* _Caption-style text data_:
###
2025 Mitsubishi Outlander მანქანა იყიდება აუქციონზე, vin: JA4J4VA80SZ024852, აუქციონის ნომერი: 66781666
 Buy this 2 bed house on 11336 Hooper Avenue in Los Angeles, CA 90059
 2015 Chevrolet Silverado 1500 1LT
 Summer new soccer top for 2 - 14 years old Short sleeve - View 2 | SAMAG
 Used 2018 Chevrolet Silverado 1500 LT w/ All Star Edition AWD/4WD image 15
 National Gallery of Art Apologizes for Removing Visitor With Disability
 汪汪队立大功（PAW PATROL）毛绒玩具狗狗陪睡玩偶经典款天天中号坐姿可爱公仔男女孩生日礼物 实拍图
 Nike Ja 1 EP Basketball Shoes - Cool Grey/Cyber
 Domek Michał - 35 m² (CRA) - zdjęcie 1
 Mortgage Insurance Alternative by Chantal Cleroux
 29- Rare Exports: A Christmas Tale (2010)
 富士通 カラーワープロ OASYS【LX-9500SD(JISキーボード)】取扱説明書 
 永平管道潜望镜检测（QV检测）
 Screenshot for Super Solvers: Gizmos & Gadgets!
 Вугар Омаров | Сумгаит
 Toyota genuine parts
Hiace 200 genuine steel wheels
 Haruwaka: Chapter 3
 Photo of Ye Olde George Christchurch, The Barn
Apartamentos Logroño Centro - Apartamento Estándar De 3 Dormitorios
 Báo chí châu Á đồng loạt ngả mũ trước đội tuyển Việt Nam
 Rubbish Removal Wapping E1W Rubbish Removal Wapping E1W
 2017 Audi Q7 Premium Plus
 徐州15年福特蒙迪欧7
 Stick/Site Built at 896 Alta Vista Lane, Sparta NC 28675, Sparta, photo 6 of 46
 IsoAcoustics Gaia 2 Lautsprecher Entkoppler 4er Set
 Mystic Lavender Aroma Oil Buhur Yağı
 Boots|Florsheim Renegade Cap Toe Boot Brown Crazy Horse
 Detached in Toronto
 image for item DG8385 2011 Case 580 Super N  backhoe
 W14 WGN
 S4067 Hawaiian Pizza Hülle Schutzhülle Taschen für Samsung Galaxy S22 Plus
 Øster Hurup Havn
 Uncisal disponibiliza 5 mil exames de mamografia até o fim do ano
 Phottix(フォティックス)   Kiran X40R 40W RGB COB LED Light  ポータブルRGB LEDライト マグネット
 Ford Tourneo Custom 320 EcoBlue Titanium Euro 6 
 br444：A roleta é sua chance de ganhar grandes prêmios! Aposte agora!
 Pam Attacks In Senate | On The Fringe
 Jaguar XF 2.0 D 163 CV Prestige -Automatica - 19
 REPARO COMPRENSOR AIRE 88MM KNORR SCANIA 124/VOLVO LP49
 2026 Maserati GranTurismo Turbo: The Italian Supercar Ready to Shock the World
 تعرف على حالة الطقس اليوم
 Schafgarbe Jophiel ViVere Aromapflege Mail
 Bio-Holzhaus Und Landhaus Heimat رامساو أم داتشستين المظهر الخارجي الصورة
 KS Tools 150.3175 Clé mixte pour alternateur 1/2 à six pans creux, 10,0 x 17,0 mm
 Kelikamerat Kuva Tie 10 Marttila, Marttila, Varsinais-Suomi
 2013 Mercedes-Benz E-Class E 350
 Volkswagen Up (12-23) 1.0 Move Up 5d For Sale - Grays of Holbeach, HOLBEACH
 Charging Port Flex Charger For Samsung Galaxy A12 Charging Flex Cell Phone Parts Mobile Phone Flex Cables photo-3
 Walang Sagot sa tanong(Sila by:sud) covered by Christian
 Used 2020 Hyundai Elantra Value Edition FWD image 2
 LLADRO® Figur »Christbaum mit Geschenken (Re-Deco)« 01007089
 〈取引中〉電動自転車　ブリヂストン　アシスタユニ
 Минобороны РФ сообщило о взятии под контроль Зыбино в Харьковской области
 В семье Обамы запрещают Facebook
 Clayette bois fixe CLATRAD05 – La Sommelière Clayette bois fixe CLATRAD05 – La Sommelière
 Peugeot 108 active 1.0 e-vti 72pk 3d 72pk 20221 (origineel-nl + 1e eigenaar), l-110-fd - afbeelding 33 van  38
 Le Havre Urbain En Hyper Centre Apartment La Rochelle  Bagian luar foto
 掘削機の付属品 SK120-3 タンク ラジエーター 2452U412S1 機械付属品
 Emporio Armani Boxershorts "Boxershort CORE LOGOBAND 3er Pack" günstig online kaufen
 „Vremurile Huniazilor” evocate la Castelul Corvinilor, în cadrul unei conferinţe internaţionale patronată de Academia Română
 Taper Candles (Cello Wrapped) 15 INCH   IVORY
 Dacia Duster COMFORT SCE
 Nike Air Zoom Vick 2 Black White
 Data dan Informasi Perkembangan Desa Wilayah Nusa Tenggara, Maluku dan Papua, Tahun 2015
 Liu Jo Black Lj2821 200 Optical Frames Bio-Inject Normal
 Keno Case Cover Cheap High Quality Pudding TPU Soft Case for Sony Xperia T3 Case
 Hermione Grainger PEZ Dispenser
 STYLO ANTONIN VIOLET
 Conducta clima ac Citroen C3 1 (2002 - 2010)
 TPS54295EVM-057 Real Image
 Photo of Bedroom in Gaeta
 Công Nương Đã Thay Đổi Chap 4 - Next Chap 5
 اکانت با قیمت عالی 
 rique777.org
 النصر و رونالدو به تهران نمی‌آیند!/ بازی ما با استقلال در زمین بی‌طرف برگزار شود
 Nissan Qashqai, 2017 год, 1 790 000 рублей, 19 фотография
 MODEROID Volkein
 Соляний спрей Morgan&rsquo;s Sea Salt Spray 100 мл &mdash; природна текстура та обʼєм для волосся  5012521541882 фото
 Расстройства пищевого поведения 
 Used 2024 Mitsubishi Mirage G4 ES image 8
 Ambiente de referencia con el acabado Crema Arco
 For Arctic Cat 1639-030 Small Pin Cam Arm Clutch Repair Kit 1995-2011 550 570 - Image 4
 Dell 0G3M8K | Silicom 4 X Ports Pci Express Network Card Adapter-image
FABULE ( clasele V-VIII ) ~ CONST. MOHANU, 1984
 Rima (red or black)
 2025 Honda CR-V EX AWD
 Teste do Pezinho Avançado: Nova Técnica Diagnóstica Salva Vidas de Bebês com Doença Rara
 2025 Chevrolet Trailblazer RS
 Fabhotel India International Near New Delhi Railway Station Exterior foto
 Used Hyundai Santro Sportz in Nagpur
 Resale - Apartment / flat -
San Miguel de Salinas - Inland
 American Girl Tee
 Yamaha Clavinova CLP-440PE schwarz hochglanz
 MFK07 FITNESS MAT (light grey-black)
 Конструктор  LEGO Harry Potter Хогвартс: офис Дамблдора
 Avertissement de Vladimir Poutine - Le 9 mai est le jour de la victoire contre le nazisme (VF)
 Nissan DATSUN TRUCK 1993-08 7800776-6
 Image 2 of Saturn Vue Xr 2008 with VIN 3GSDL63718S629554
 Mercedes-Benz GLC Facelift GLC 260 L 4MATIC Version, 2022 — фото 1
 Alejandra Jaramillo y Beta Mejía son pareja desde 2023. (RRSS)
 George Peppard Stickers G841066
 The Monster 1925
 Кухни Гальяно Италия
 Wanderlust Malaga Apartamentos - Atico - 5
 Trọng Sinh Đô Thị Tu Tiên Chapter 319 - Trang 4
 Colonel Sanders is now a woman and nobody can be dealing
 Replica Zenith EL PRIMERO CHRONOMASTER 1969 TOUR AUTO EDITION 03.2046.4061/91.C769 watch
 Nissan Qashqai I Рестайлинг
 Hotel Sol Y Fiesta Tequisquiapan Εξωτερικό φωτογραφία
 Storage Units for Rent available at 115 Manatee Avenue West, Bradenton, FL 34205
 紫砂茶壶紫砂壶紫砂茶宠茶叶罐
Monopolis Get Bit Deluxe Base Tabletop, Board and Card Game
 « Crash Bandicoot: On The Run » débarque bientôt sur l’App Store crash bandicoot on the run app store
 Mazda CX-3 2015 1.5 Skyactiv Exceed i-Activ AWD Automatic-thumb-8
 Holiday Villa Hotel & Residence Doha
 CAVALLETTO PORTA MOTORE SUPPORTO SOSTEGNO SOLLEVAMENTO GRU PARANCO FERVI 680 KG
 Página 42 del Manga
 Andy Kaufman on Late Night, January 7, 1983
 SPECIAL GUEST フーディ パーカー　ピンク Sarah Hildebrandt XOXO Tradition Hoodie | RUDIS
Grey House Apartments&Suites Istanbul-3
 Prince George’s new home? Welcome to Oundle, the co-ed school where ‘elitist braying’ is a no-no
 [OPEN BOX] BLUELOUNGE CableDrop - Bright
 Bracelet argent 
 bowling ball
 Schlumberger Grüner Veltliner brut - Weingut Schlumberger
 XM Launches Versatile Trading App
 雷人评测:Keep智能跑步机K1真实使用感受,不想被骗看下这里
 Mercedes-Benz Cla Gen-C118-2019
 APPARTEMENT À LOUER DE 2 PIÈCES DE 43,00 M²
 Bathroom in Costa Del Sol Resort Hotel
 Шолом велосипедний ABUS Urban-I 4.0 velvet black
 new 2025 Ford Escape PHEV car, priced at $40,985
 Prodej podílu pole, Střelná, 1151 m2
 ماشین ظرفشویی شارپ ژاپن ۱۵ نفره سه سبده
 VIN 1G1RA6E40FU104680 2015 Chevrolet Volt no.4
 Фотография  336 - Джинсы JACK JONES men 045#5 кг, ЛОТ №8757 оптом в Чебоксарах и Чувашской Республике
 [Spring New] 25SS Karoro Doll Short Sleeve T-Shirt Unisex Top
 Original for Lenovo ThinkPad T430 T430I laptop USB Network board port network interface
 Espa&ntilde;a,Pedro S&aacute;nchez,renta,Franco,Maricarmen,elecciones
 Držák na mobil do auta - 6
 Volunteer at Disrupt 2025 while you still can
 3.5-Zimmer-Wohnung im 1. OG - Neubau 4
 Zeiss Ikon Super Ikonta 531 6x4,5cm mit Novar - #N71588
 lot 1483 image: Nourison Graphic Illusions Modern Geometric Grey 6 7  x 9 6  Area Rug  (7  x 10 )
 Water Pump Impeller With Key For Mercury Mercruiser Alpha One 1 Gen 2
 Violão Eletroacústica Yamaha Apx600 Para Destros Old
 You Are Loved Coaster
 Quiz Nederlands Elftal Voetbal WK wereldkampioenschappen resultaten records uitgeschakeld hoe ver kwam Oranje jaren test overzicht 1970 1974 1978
###
* _WHAT IS REQUIRED_: An exact copy of the lines above, from the one containing "2015 Chevrolet Silverado 1500 1LT" through the one containing "Вугар Омаров | Сумгаит", is the whole of the answer.

* _EXERCISE OUTPUT_:
 2015 Chevrolet Silverado 1500 1LT
 Summer new soccer top for 2 - 14 years old Short sleeve - View 2 | SAMAG
 Used 2018 Chevrolet Silverado 1500 LT w/ All Star Edition AWD/4WD image 15
 National Gallery of Art Apologizes for Removing Visitor With Disability
 汪汪队立大功（PAW PATROL）毛绒玩具狗狗陪睡玩偶经典款天天中号坐姿可爱公仔男女孩生日礼物 实拍图
 Nike Ja 1 EP Basketball Shoes - Cool Grey/Cyber
 Domek Michał - 35 m² (CRA) - zdjęcie 1
 Mortgage Insurance Alternative by Chantal Cleroux
 29- Rare Exports: A Christmas Tale (2010)
 富士通 カラーワープロ OASYS【LX-9500SD(JISキーボード)】取扱説明書 
 永平管道潜望镜检测（QV检测）
 Screenshot for Super Solvers: Gizmos & Gadgets!
 Вугар Омаров | Сумгаит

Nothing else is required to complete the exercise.